When pressing the switch, the corresponding group address switches to “ON”, and “OFF” again (for the time it’s beeing pressed).
A KNX binary sensor in Home Assistant then triggers an automation.
All worked like a charme for a couple of month. But now, maybe it is related to the newest update, the doorbell is not ringing anymore. Why? Because the time the group address changes seems to be too short for beeing recognized by Home Assistant. When I long press the switch (button switch), it’s working.
So I would like to know if anyone has a similar issue, or if there is maybe a way to configure the time a senor state must be changed, before an event is recognized.
I don’t think it’s very helpful to share my yaml files in this case, because the issue is quite clear - it depends on the time the sensor state changes to let HA react.
OK, thanks for clarification. But I still don’t get it - the ignore_internal_state parameter is descriped the other way around, so that it should be set to false, if automations are triggered multiple times. In my case the automation wasn’t triggered at all.
ignore_internal_state boolean (optional, default: true)
If set to true the update callbacks are always executed regardless of the current binary sensor state. If some of your automations are triggered multiple times make sure this setting is False.
So, I’m happy it’s working now, but I would love to know why?
Yours seem to be a special case that was never considered.
If your doorbell would only send “1” every time it was pressed you would need iis True because the internal state would not change with the next “1”-telegram - it’s always “1”.

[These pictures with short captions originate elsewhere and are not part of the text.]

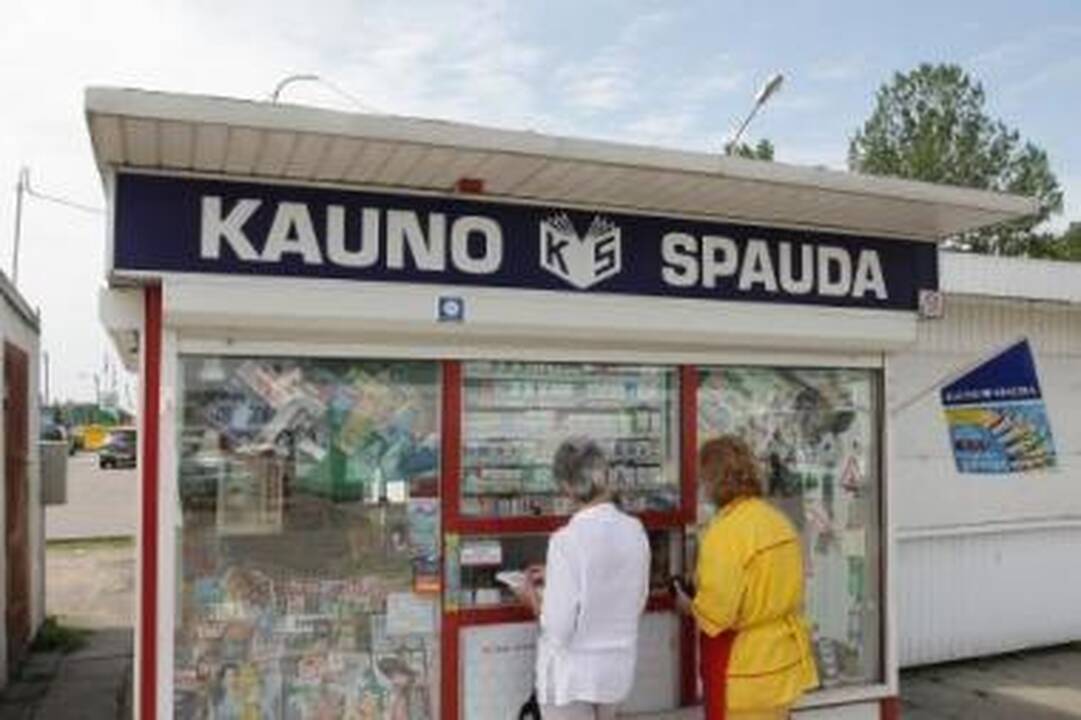 Patogu: šalia "Trijų berželių" parduotuvės gyvenantys kauniečiai "Kauno dienos" prenumerata metams apsirūpina čia pat veikiančiame "Kauno spaudos" kioske.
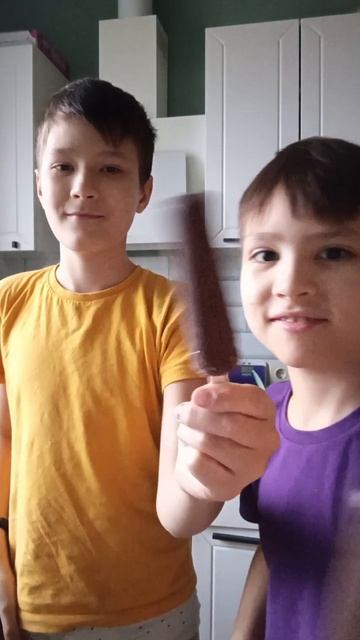 food asmr 1 серия: пробуем трендовое мороженое с шариками внутри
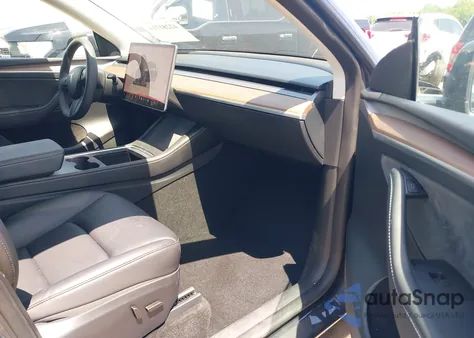 2024 Tesla Model Y Long Range Dual Motor All-Wheel Drive from USA, damaged, VIN 7SAYGAEEXRF092728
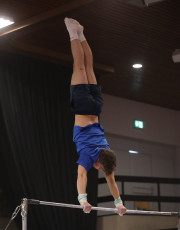 2023-12-10 Warm-up Men Jeunes Espoirs and Open Horizontal bar at CGC Bettembourg 2023 (Martin Rulsch) 099
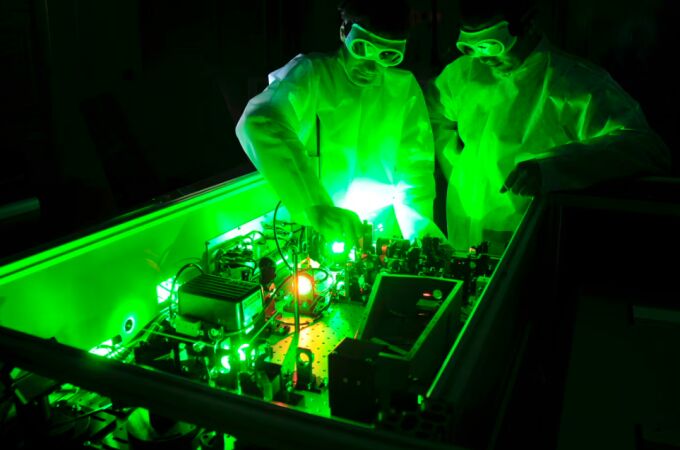 Científicos actiivan el láser más potente del mundo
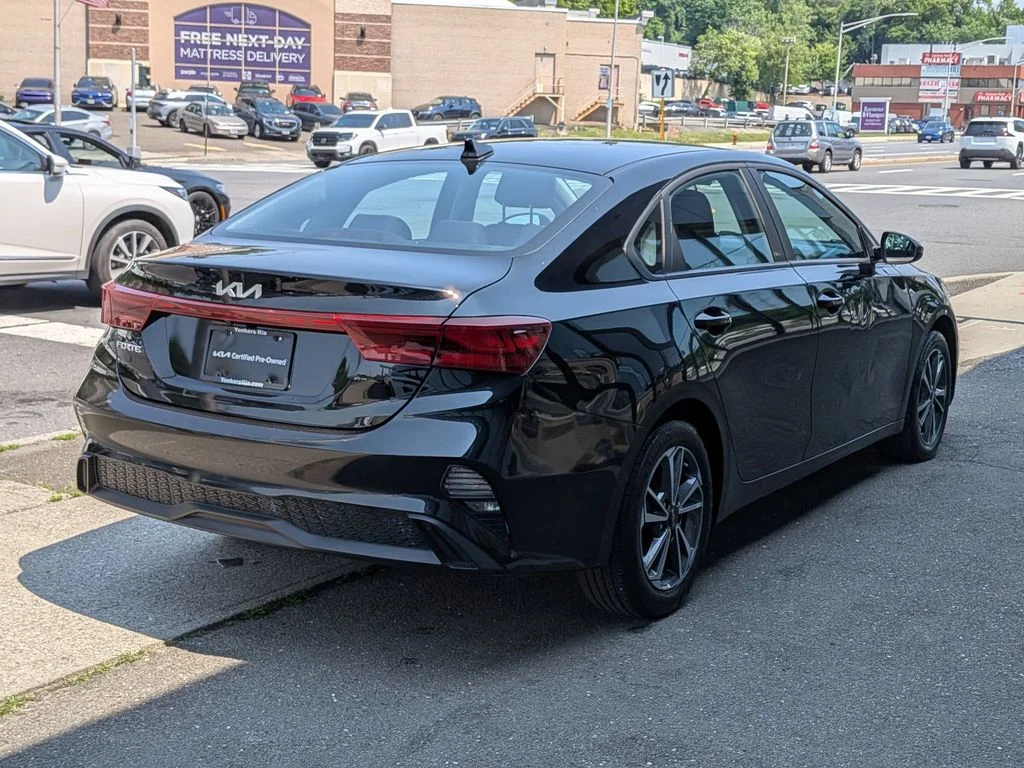 Used 2023 Black Kia LXS image 6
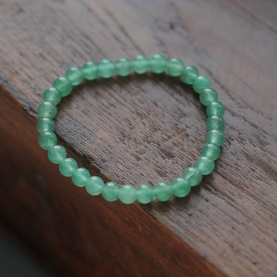 Bracelet with green aventurine stones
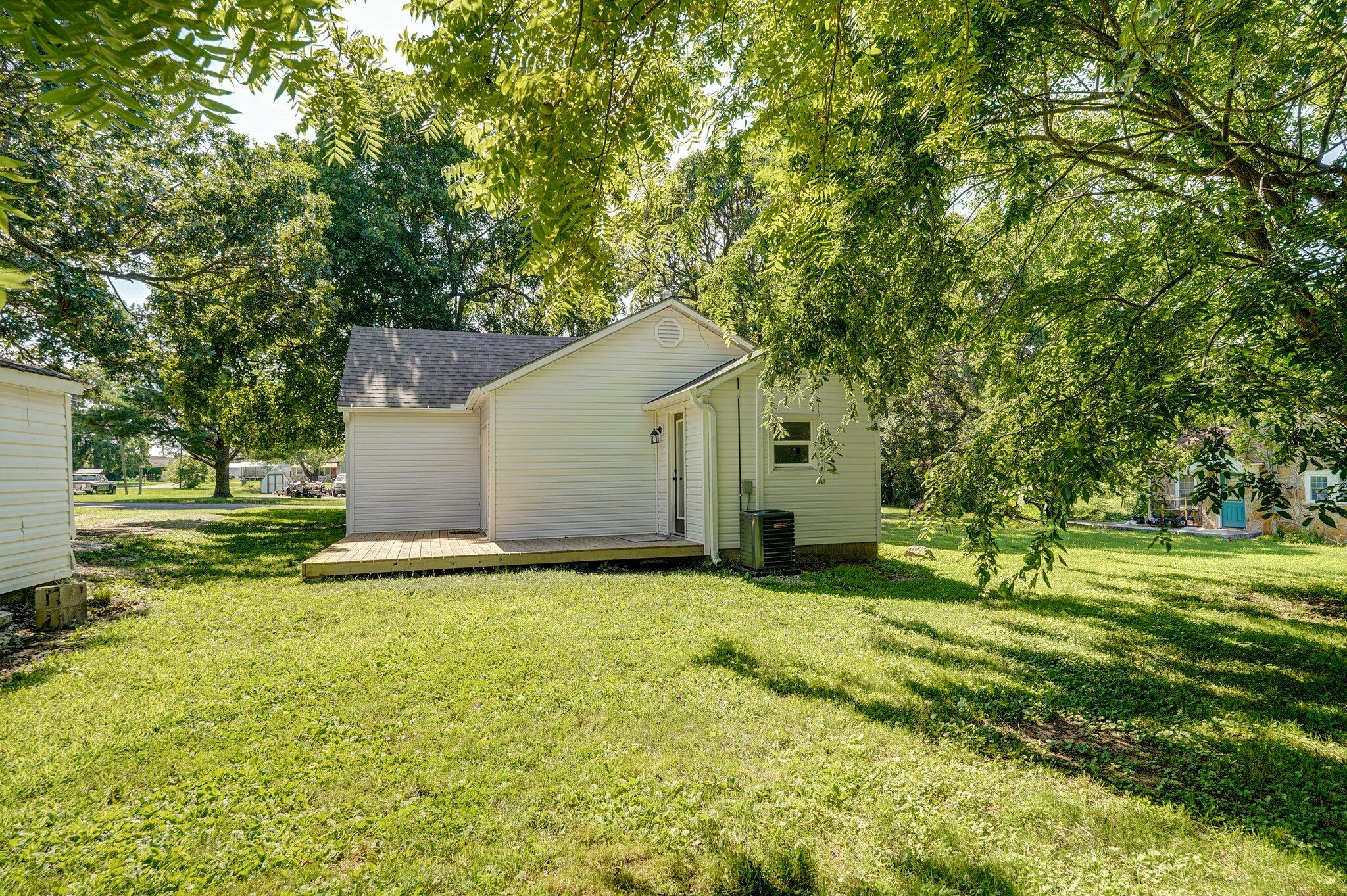 114 North Hobbs Street Property Photo 21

Yours send a “1”, “0” in short sequence - shorter than the context_timeout which is waiting for the next “1” to enable double/triple/… taps on switches.
Seems the “0” in the context_timeout clears the “1” so the 1 doesn’t fire a state change.
So context_timeout doesn’t work and is disabled without iis because internally a second “1” wouldn’t be processed.
The defaults for context_timeout and iis are going to be changed soon (already a PR); also the docs will (hopefully) get a bit clearer then.
Yes, absolutely! I guess the part “Seems the “0” in the context_timeout clears the “1” so the 1 doesn’t fire a state change” was not clear to me. But makes sense, as I’m using a button switch an an MDT bus coupler configured to send “1” for the rising edge, and “0” for the descending edge. And it explains also why it was working, when manually changed the doorbell group address to “1”. I’ve configured it that way, in order to not need to clear the value after the door bell was pressed.
So again, thank you for your help! Really appreciated!